The petitioner is a Texas corporation operating in the United States as a freight forwarding agency. 
Accordingly, the petitioner endeavors to classify the beneficiary as an employment-based immigrant 
pursuant to section 203(b)(1)(C) of the Immigration and Nationality Act (the Act), 8 U.S.C. § 1153(b)(l)(C), 
as a multinational executive or manager. 
In denying the petition, the director determined that the petitioner failed to establish that: (1) the beneficiary 
was employed abroad in a qualifying managerial or executive capacity; (2) the beneficiary would be 
employed in the United States in a qualifying managerial or executive capacity; and (3) the petitioner has a 
qualifying relationship with the entity abroad where the beneficiary was previously employed. 
On appeal, counsel submits an appellate brief thoroughly expounding the beneficiary's foreign and proposed 
positions and pointing to documentation that adequately addresses and dispels the director's concerns 
regarding the common ownership of the foreign and U.S. entities. 

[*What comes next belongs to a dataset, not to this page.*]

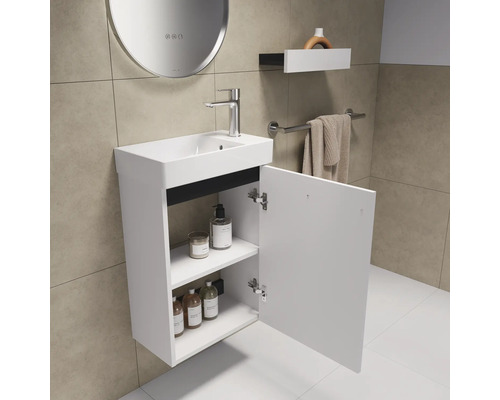 Badkamer wastafelonderkast met open kast en diverse badkamerartikelen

Section 203(b) of the Act states in pertinent part: 
(1) Priority Workers. --Visas shall first be made available ... to qualified immigrants who 
are aliens described in any of the following subparagraphs (A) through (C): 
* * * 
(C) Certain Multinational Executives and Managers. -- An alien is described in this 
subparagraph if the alien, in the 3 years preceding the time of the alien's application for 
classification and admission into the United States under this subparagraph, has been 
employed for at least 1 year by a firm or corporation or other legal entity or an affiliate or 
subsidiary thereof and who seeks to enter the United States in order to continue to render 
services to the same employer or to a subsidiary or affiliate thereof in a capacity that is 
managerial or executive. 
The language of the statute is specific in limiting this provision to only those executives and managers who 
have previously worked for a firm, corporation or other legal entity, or an affiliate or subsidiary of that entity, 
and who are coming to the United States to work for the same entity, or its affiliate or subsidiary. 
The first issue the AAO will address in this proceeding is the petitioner's qualifying relationship with the 
beneficiary's foreign employer. To establish a "qualifying relationship" under the Act and the regulations, 
the petitioner must show that the beneficiary's foreign and proposed U.S. employers are the same employer 
(i.e. a U.S. entity with a foreign office) or that the two entities are related as a "parent and subsidiary" or as 
"affiliates." See generally § 203(b)(l)(C) of the Act, 8 U.S.C. § 1153(b)(1)(C); see also 8 C.F.R. 
§ 204.5(j)(2) (providing definitions of the terms "affiliate" and "subsidiary"). 
The regulation at 8 C.F .R. § 204.5(j)(2) states in pertinent part: 
(b)(6)Page 3 
Affiliate means: 
(A) One of two subsidiaries both of which are owned and controlled by the same parent or 
individual; 
(B) One of two legal entities owned and controlled by the same group of individuals, each 
individual owning and controlling approximately the same share or proportion of each 
entity; 
* * * 
Multinational means that the qualifying entity, or its affiliate, or subsidiary, conducts 
business in two or more countries, one of which is the United States. 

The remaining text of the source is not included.